Focus

A Resident Cop Can Improve School Climate

SCHOOL SECURITY by RAYMOND YEAGLEY


My school board wasn’t convinced we needed a police presence in the Rochester, N.H., schools. When we first took up the idea, only five of the 13 board members supported it, and some of them were rather lukewarm in their support.

Some opponents feared we would turn our schools into a "police state" or "gulag." Others were uncomfortable in thinking that assigning a uniformed officer would represent the first step toward changing the face of our schools when Rochester hadn’t been plagued with gang activity or any other significant safety problem.

But after more than six months of emotional debate, the school board established a school resource officer program in partnership with the Rochester Police Department. That was nearly 18 months ago. After successfully sharing a police detective in our high school and middle school in 1998-99, the board unanimously approved adding a second officer this year through funding by the police department.

An Atypical Presence
The success of the program is due, in large part, to the appointment of a detective skilled in dealing with youngsters. His selection was the result of careful planning by police and school officials.

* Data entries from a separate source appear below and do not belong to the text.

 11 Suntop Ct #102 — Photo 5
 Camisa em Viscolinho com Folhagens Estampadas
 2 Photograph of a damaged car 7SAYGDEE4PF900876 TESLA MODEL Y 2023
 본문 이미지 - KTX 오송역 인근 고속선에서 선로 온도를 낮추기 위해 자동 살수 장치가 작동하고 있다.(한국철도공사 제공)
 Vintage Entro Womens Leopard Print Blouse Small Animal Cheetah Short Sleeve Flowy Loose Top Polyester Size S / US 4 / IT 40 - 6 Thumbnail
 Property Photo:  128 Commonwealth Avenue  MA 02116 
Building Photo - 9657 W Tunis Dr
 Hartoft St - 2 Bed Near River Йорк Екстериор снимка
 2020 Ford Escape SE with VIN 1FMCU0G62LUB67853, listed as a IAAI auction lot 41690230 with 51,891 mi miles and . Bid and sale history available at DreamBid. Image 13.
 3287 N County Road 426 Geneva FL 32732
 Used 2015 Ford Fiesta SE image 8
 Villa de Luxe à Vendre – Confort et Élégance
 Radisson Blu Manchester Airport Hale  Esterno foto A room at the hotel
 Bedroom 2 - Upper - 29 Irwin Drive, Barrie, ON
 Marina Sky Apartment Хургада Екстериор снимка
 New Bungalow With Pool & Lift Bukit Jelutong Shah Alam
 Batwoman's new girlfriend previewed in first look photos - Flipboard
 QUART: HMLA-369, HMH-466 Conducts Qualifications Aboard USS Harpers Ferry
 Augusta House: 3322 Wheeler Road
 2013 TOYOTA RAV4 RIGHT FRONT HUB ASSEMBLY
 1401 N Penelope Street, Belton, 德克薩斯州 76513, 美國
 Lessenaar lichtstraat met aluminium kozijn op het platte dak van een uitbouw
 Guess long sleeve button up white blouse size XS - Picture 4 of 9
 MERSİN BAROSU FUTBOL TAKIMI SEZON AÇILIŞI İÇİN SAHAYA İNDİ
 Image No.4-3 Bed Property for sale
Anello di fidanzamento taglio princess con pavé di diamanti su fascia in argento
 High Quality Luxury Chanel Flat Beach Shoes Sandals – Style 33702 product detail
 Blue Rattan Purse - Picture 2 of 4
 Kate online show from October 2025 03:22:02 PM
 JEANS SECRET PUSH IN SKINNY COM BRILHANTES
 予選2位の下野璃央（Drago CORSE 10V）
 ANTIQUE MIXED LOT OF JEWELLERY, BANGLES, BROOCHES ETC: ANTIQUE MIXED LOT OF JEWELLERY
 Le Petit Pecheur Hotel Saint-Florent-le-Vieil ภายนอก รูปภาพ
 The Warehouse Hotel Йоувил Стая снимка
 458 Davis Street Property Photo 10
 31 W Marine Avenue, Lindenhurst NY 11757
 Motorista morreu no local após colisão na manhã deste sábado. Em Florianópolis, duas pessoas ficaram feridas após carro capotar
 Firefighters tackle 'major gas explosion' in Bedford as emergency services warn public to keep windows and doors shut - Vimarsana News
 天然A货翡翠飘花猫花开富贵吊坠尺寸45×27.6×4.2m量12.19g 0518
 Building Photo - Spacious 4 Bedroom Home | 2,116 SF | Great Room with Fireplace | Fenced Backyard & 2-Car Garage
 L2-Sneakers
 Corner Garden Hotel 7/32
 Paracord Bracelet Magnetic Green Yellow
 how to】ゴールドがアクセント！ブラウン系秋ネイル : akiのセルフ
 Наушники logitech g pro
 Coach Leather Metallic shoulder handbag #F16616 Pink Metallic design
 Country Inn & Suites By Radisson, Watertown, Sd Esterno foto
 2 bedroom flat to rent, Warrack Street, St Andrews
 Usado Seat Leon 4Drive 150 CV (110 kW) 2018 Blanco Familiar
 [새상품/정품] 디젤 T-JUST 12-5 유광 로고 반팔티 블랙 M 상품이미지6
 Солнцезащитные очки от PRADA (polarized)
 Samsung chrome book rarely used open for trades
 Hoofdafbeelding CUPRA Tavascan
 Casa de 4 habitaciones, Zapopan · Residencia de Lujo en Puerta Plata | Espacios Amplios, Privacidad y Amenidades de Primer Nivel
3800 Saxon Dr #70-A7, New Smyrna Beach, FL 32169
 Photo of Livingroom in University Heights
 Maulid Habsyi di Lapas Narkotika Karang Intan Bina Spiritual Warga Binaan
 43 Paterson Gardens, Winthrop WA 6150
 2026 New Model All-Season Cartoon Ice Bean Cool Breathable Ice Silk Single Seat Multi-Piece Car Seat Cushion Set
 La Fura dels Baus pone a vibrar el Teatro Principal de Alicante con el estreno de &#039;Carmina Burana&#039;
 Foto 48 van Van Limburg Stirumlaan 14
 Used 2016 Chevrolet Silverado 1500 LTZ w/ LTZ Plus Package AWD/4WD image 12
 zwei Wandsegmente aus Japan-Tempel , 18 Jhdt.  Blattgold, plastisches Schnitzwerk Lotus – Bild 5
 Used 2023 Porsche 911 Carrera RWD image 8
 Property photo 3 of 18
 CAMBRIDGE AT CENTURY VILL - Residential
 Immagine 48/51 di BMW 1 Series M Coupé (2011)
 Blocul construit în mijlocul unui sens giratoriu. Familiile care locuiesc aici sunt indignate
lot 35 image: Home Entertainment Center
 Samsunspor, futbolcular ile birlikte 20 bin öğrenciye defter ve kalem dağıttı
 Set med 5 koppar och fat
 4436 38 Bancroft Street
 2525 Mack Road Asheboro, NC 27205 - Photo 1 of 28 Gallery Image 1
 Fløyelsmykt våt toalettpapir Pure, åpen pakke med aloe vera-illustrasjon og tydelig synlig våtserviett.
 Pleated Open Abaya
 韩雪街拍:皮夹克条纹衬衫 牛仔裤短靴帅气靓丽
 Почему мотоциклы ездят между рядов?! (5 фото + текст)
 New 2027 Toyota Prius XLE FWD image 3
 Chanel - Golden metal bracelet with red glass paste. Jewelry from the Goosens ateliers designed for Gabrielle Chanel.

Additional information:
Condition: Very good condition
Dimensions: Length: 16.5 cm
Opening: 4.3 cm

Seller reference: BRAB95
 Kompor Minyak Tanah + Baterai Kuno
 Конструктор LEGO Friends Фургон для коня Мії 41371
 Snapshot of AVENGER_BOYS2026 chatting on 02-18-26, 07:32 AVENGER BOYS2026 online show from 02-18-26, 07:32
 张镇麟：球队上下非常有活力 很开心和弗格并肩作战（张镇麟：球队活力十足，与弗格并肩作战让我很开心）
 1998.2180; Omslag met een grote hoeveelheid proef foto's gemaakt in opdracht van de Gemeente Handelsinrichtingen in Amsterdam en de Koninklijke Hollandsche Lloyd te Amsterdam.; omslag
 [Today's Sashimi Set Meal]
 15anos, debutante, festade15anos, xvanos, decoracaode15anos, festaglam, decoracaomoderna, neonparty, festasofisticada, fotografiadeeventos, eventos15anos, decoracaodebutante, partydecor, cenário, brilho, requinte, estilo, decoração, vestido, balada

Meeting Detective Stacy Gilman in the school doesn’t create the stereotypical sense of police presence. He dresses casually, always has a smile and friendly word for students and others and seems to know something positive about each student he meets. Although every student and staff member in the building knows he is (unobtrusively) armed and ready to deal with any situation, his emphasis is on, as his job description puts it, "working within the school system to build positive relationships between students, faculty and the police, while enforcing the laws promoting a safe and drug-free environment."

The officer does not serve as the school’s disciplinarian, but he serves as a backup to the schools’ administrators. Students know that we will call upon his investigative skills to help us determine the truth.

How have students and staff reacted to his presence? The general consensus is that the atmosphere has improved. One high school student summed up the change by stating, "I never felt unsafe at school, but now I feel safe. Somehow it’s different."

Principals have praised the school resource officer program for helping to reduce fights, drugs, vandalism and other disciplinary problems at the two schools--1,200-student Rochester Middle School and 1,500-student Spaulding High School. Students also are more willing to confide in him information on problems that may be brewing. In one unusual instance, a student accused of theft was willing to talk to the detective and later surrender the stolen property in his possession as long as the principal and assistant principal weren’t present.

Teachers bring the detective into their classrooms to talk with students about citizenship and careers in law enforcement and to debunk some of the myths about the law. Gilman has been a good resource for strengthening curriculum and instruction in these and other areas.

Common Use
Public reaction also has been positive, with requests made to extend the program to the elementary schools. Community discussion no longer focuses solely on discipline and law enforcement, but on the educational benefits an officer brings to the schools.

The school resource officer program is neither new nor unique. Such programs can be found in schools nationwide. In some places, such as Texas and Florida, state laws permit school districts to form their own police units, and more than 80 districts in Texas have done so. The largest is that of the Houston Independent School District with 177 officers and a $12 million budget.

An Internet search turned up more than 1,000 references to school resource officers, including many web pages created by students who were working cooperatively with their officers. A common theme they expressed is the positive impact of the school resource officer on school environment, student behavior and overall safety for students, staff and visitors.

One of the most useful websites for school leaders looking for more information belongs to the Center for the Prevention of School Violence in Raleigh, N.C. (www.ncsu.edu/cpsv). The site includes sample job descriptions, ideas for creating a school resource officer program and other valuable information.

The school resource officer is now an integral part of our school district’s safety plan. The good news: It has worked to improve school climate exactly as we envisioned. The bad news: We haven’t seen any yet and don’t expect to.